> [Available data]:
^^^^

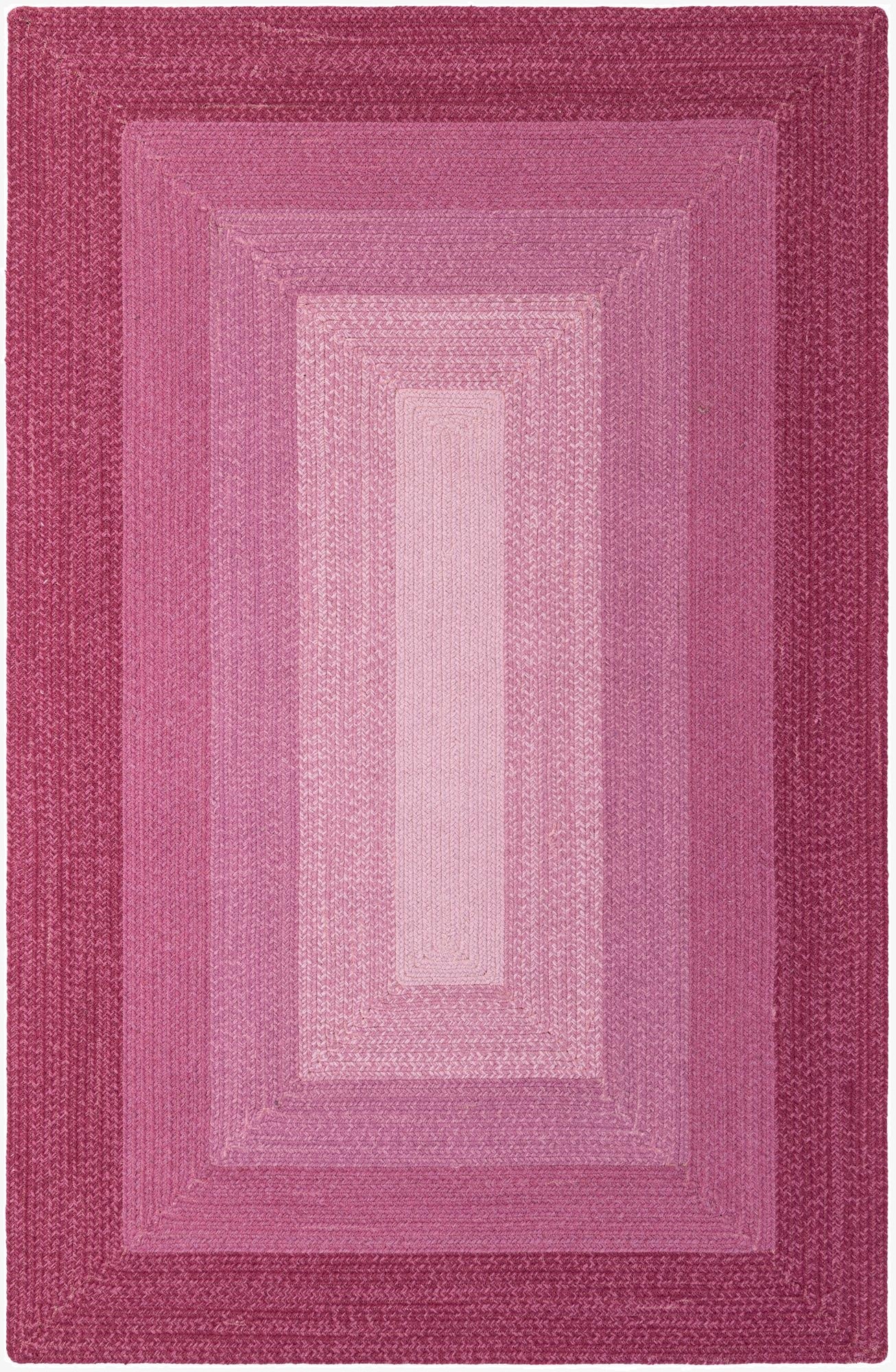 5' 1 x 8'  Hand Hand Braided Wool Rug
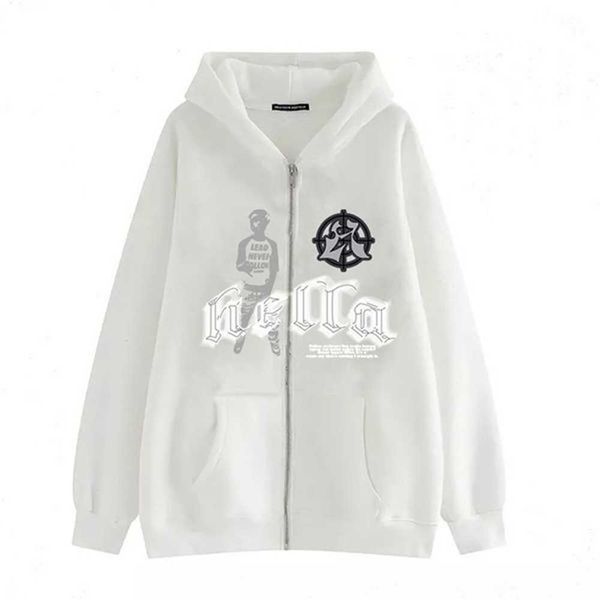 luxury designer men hoodies large women's printed cardigan zippered hooded jacket polo hoodie couple's loose casual thickened warm, Black
luxury designer men hoodies large women's printed cardigan zippered hooded jacket polo hoodie couple's loose casual thickened warm, Black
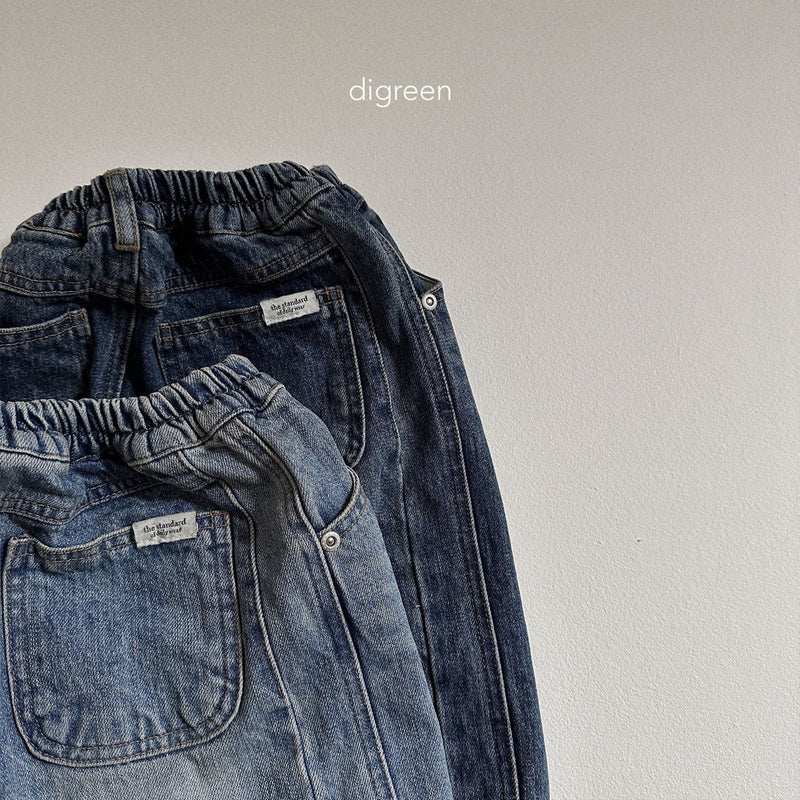 digreen / division denim pants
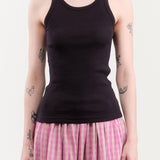 Amo Denim Apparel Womens Tees Long Rib Tank in Vintage Black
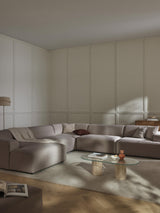 Mira Max Köşe Koltuk Boz Kahverengi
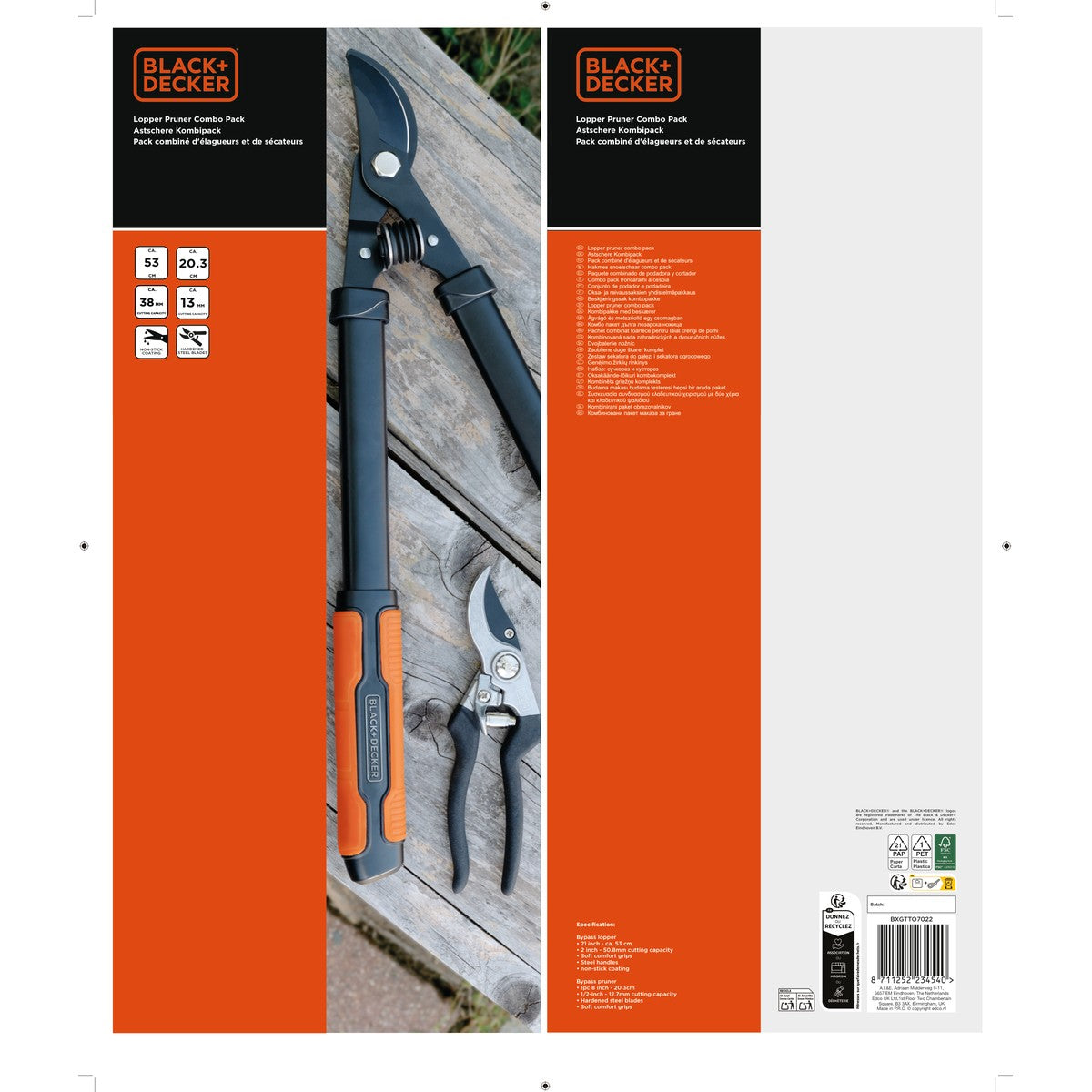 Tool Set Bypass Lopper+Pruner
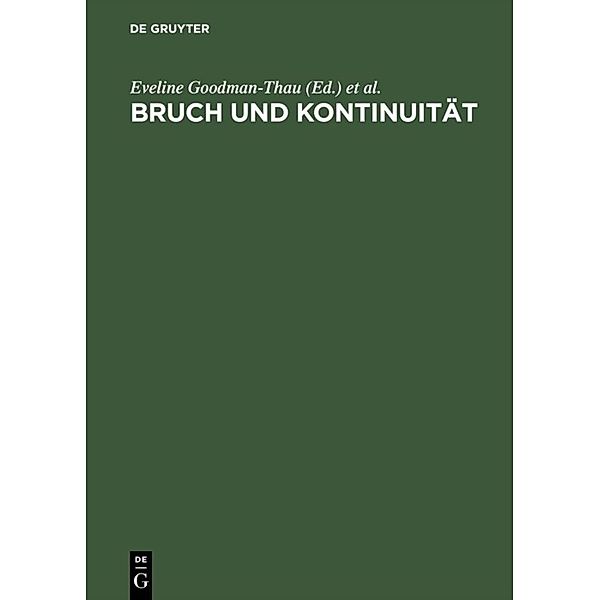 Bruch und Kontinuität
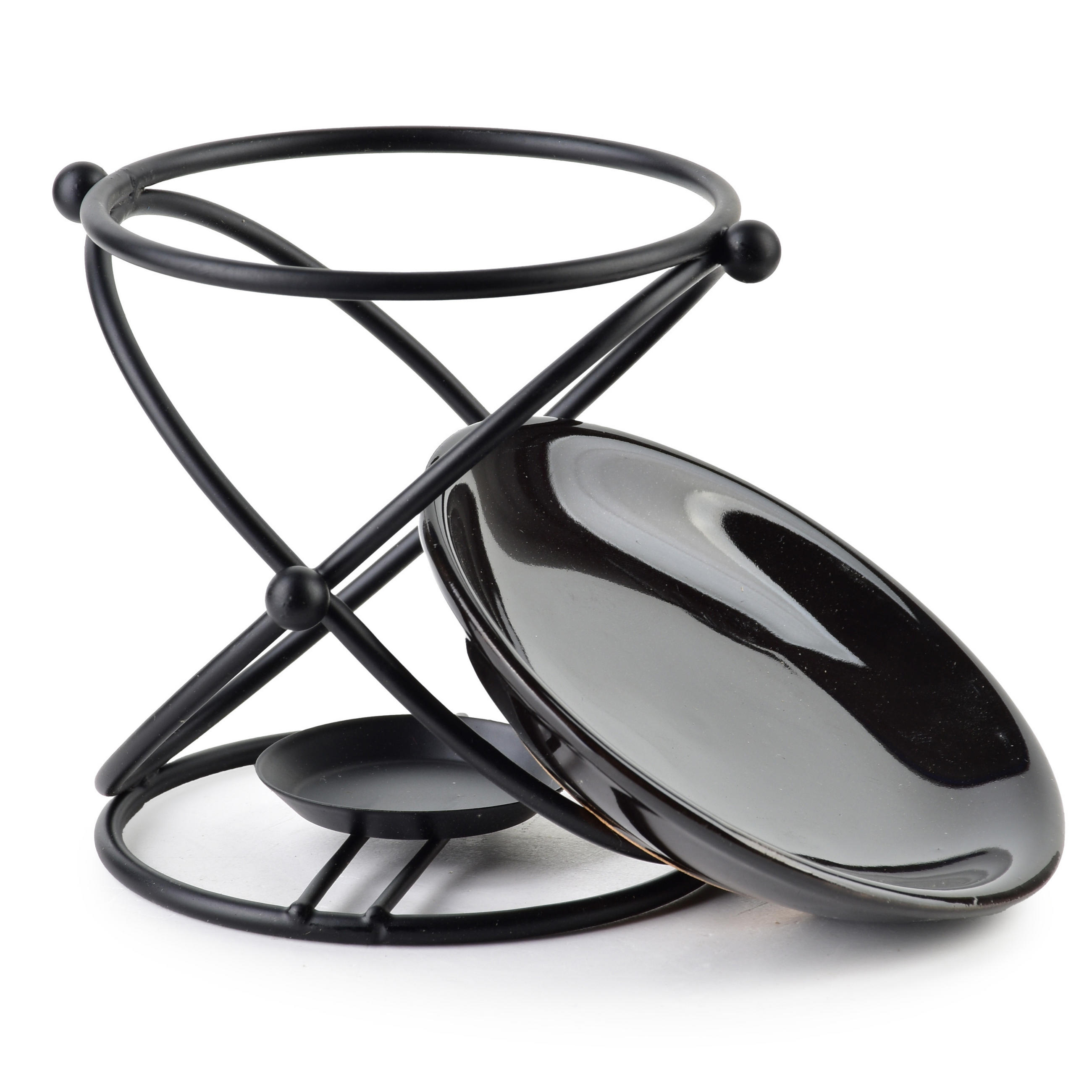 DUFTLAMPE Basic Schwarz 10/10/12 cm Keramik - Schwarz, Keramik (12cm) - Mondex
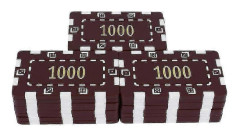 8X5 Cm Blandade Färger Pokerchips & Set 25st Nummer Tryckta Chips Spelmynt Plast Valuta leksaker-WELLNGS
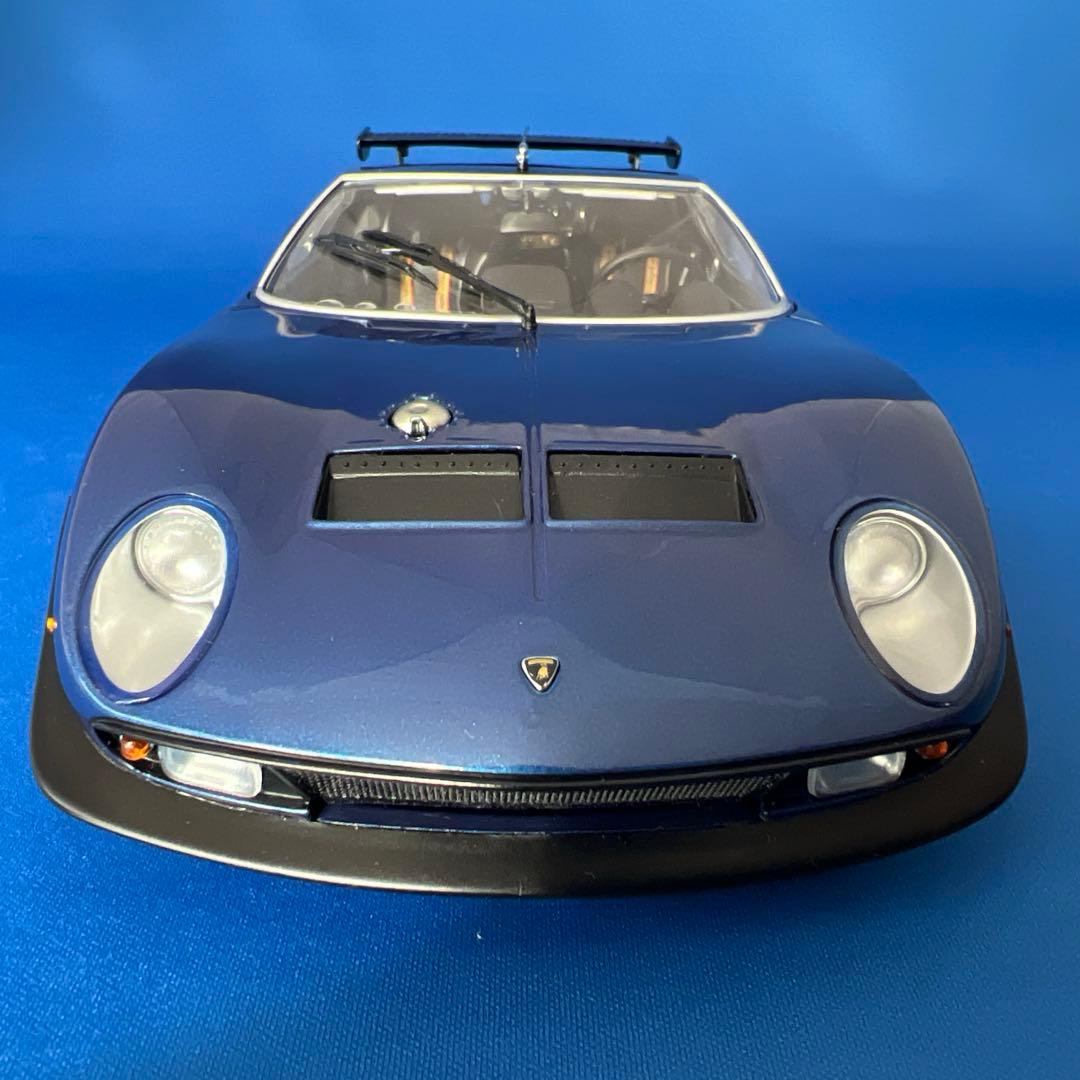 京商　1/18 ランボルギーニ イオタ SVR ブルー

^^^^

> [Directions for this task]: Restate each line of the records exactly; pictures do not belong in the copy.

> [Answer for this exercise]:
 5' 1 x 8'  Hand Hand Braided Wool Rug
 luxury designer men hoodies large women's printed cardigan zippered hooded jacket polo hoodie couple's loose casual thickened warm, Black
luxury designer men hoodies large women's printed cardigan zippered hooded jacket polo hoodie couple's loose casual thickened warm, Black
 digreen / division denim pants
 Amo Denim Apparel Womens Tees Long Rib Tank in Vintage Black
 Mira Max Köşe Koltuk Boz Kahverengi
 Tool Set Bypass Lopper+Pruner
 Bruch und Kontinuität
 DUFTLAMPE Basic Schwarz 10/10/12 cm Keramik - Schwarz, Keramik (12cm) - Mondex
 8X5 Cm Blandade Färger Pokerchips & Set 25st Nummer Tryckta Chips Spelmynt Plast Valuta leksaker-WELLNGS
 京商　1/18 ランボルギーニ イオタ SVR ブルー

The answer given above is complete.